It is a gritty survival tale infusing elements of bloody horror and unsubstantiated humanity. To fly it needed less of the former and a basis for the latter.
The film’s cinematic style evolved over the course of the film. Initially Marshall’s team filmed battles with nice slower pans, showing a Roman fortress fall. But by the end, a series of half-second quick-cuts rendered the final skirmish unwatchable.
The violence did not evolve however. It is the gratuitous quality of the violence, not the quantity, that easily earns the film’s R-rating. At one point a Roman plunges an arrow into an enemy’s eye, and then wiggles it around to do the most damage. The fact that the Roman served as moderate comic relief throughout and the Pict is a savage doesn’t detract from the scene’s excessive nature, or that the Pict is a woman. Violence is easier digested when men slay men, but the violence involving women leaves me queasy, especially in scenarios like this.
The film boasts strong acting, and a decent script that avoids excess dialogue, but the film lacks the emotional depth necessary to give the audience relatable characters. The Romans are portrayed as a brutal conquering army, making the protagonist, Centurion Quintus Dias (Michael Fassbender), and his band of Roman brothers, a less than lovable crew. With minimal time spent developing them into likable warriors, it begs the question: Who do we root for?
The dialogue is snappy, especially in group scenes where the actors play well off each other, but the delicate scenes are cliché. Quintus falls for a banished Pict beauty and carves her a wooden horse before he leaves to thank her for her kindness. But his talent, and the horse imagery, weren’t established beforehand, so the scene appears to be stolen from “Troy,” much like the Pict surprise attack. It’s details like this that Marshall should have obsessed over and established, which could flavor the story, rather than ones that simply disgust the viewer, like a soldier smashing a tick as he runs, or Romans eating half-digested moss from the stomach of a dead deer. Interesting elements, but they don’t further the story.

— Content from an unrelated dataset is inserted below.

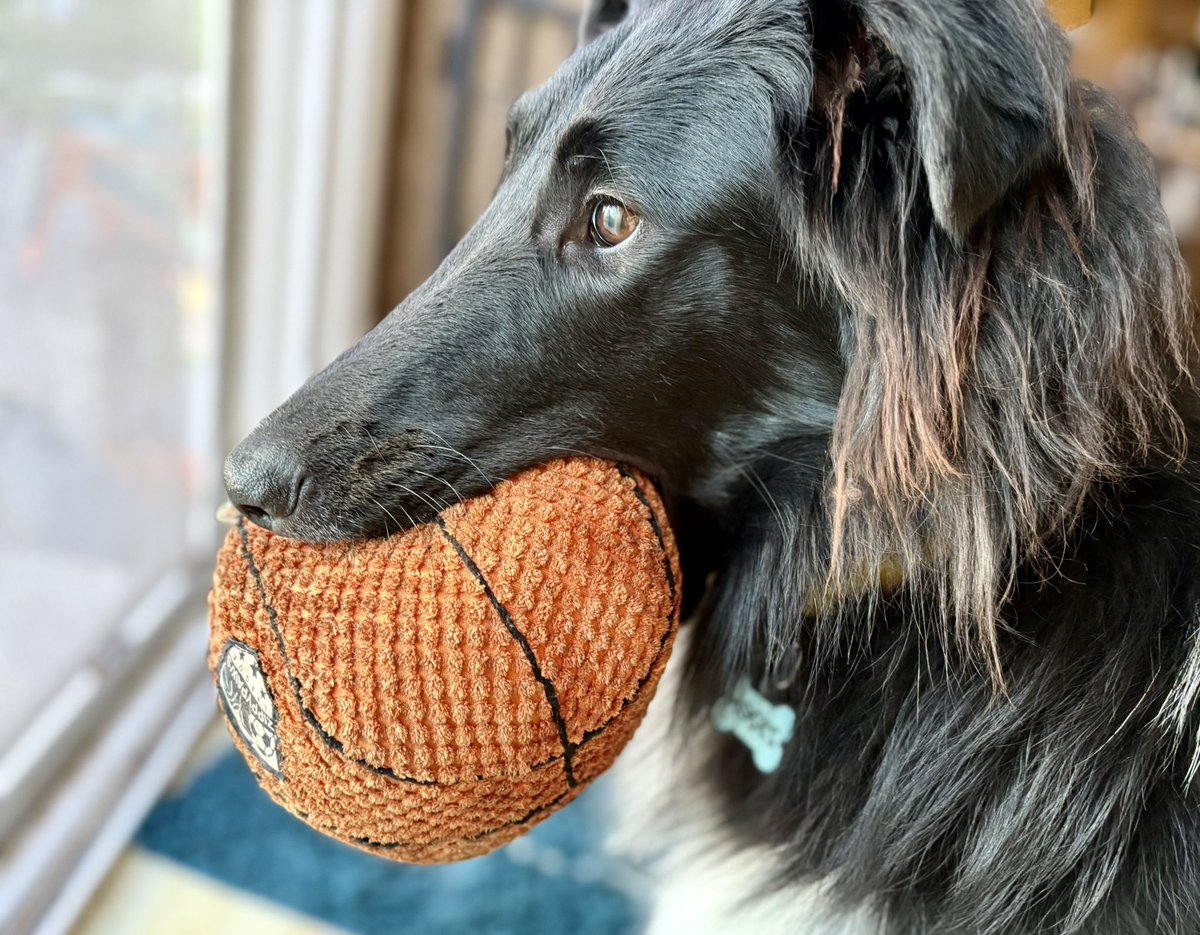 WilmaBenton19's tweet image. Does anyone want to play basketball with me? 🏀
#dogsoftwitter #dogsofx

Modern swearwords pilfer the Romans’ vocabulary as well, jarring instead of coloring, and eroding the authenticity of the dialogue. This is unfortunate, because to his credit, Marshall and his team created a very authentic atmosphere otherwise, from the wooden palisade fortresses of the Romans to the sod housing and blue war paint of the Picts, which draw viewers into the unforgiving world of the northern Roman campaign.
They may seem nitpicky, but such elements add up, and together they detract from what otherwise should have been an A-movie, with a strong cast and a unique twist on a survival plotline.
There’s a section in the production notes dedicated to the politics of the film. Since this film is all about a trained occupying force fighting a guerrilla army, there’s no way it can avoid at least some commentary on today’s wars in Iraq and Afghanistan.
Of the Picts Marshall said, “I’m not playing the Picts as being cold-hearted villains. They are fully rounded people with good reason to want the Romans out of their country. Some of the atrocities that we indicate the Romans have committed against them totally justify their actions.”
In addition, Quintus is a character who becomes disillusioned with the Roman Empire’s drive to control everything: “He is someone who starts as a very pro-Roman patriotic kind of soldier, and ends up completely disillusioned with what his own country has done to him,” says producer Robert Jones.
In the end though, what stands out, intentionally or not, is that the Roman soldiers are most upset about the pointless massacre of their legion. When Rome abandons its northernmost fortresses, the remnants of the Ninth see their sacrifices as meaningless. Thus, to me, the film is less a commentary on why the U.S. shouldn’t be in Iraq or Afghanistan and more one on why we owe it to our troops in uniform to stick out these efforts until the mission is accomplished.